Segment Open

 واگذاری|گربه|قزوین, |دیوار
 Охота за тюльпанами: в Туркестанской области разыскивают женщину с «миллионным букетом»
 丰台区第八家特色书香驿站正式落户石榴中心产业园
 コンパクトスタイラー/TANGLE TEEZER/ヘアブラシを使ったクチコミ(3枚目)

Segment Closed
Segment Open

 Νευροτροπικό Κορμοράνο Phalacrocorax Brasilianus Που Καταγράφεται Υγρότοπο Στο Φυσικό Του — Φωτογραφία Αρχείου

Segment Closed

INSTRUCTIONS TO FOLLOW - Where the listing above has a line with "واگذاری|گربه|قزوین, |دیوار", start there, and output every line exactly through the line with "コンパクトスタイラー/TAN", which is also included.

EXPECTED ANSWER -
 واگذاری|گربه|قزوین, |دیوار
 Охота за тюльпанами: в Туркестанской области разыскивают женщину с «миллионным букетом»
 丰台区第八家特色书香驿站正式落户石榴中心产业园
 コンパクトスタイラー/TANGLE TEEZER/ヘアブラシを使ったクチコミ(3枚目)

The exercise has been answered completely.